Dieser plötzliche Umschwung machte mich nachdenklich. Eine wirkliche Diskussion fand nicht statt. Ich erinnerte mich der Tränen, die viele Menschen bei seinem Tod vergossen hatten. Mit Stalin auf den Lippen gingen die Soldaten todesmutig in ihren Großen Vaterländischen Krieg und schlugen unseren „Gitler kaputt“. Als ich später Georgien besuchte, staunte ich, wie in seiner Heimat sein Mythos weiter lebt.
Es war alles nur beschriebenes Papier, wir hatten uns der Realität zu stellen. Die sah 10 Jahre nach dem Krieg nicht rosig aus. Schlimme Erinnerungen steckten tief in uns allen, so tief, dass niemand darüber reden mochte. Nur die Zukunft war uns wichtig. Noch heute höre ich, wie die Menschen sich damals schworen:
„Nie wieder, nie wieder Krieg, lieber ein Leben lang trocken Brot essen.“
Das vergisst man nicht.
In meiner klein gewordenen Heimat sah es trostlos aus.
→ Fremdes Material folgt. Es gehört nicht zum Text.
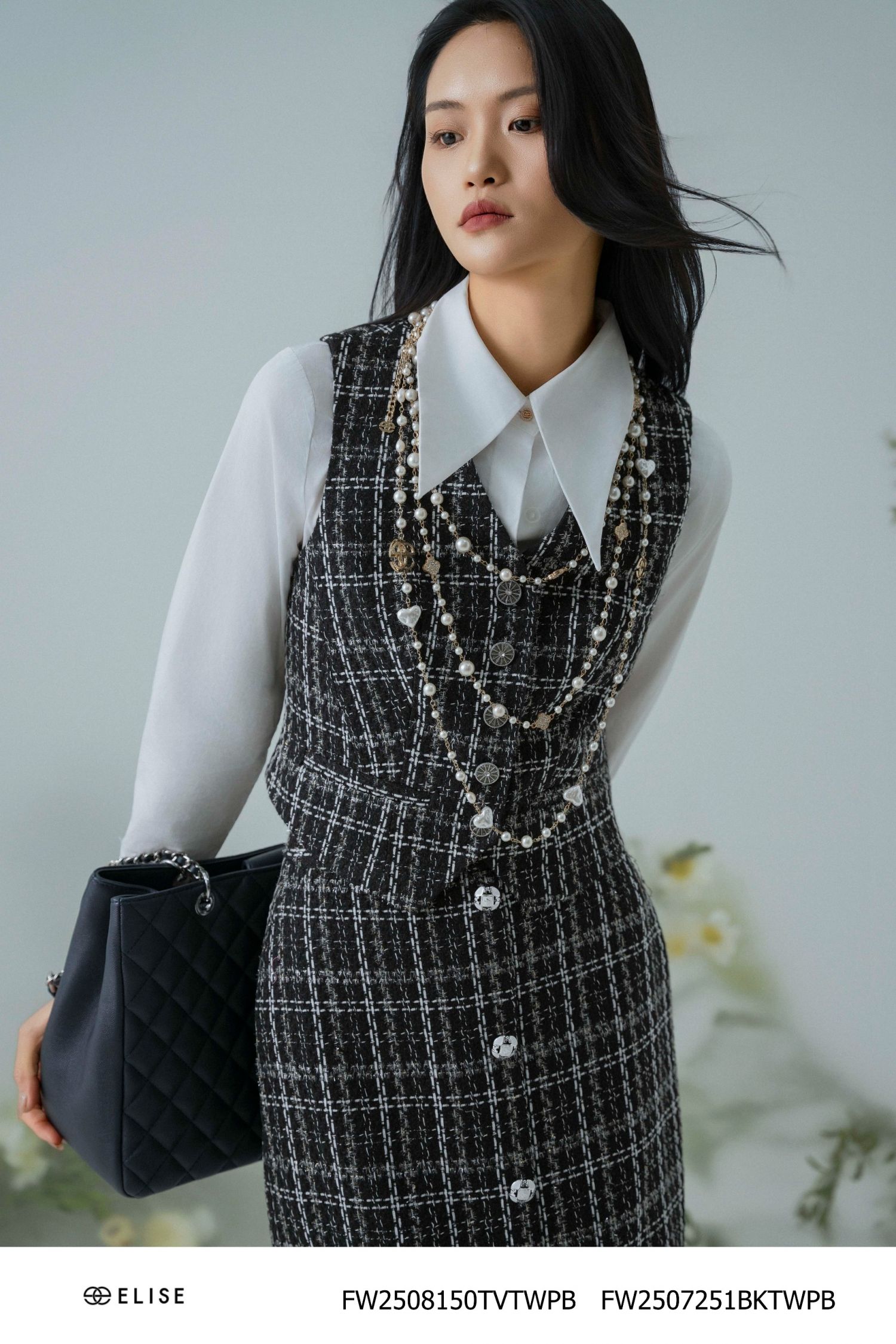 GILE TWEED ĐEN KẺ TRẮNG KIM TUYẾN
Nicht nur abgebrannt, auch ohne Kohle, Erz und nennenswerte Industrie. Die Heimat unserer Besatzer war ebenso abgebrannt, abgebrannt von unseren Vätern. Auf einen Marshallplan konnten wir nicht hoffen. Unser Wirtschaftswunder musste anders aussehen als in Westdeutschland. Aus eigener Kraft räumten wir die Trümmer weg und setzten neue Fundamente.
„Wie wir heute arbeiten, werden wir morgen leben.“
Also klotzen wir ran.
Wissenschaftler entwickelten neue Technologien, um die Braunkohle besser zu nutzen, in Rostock entstand ein Überseehafen, in Schönefeld der Hauptstadtflughafen. Eisenhüttenstadt wuchs nicht nur als neue Stadt empor, gemeinsam mit den polnischen Nachbarn wurde Schwerindustrie geschaffen. Der Kunststoff-Trabant aus Zwickau war auch eine bemerkenswerte Innovation.
Aber wir mussten erst einmal lernen und nochmals lernen.
Im Grundgesetz des Sozialismus ist das Leistungsprinzip verankert. Das war nach meinem Geschmack. Mit der Jugend eigenem Elan wollte ich diese Aufbruchphase mitgestalten, Verantwortung übernehmen. So war es nur folgerichtig, dass ich einwilligte, als mein Sportlehrer mir antrug, Kandidat der SED zu werden.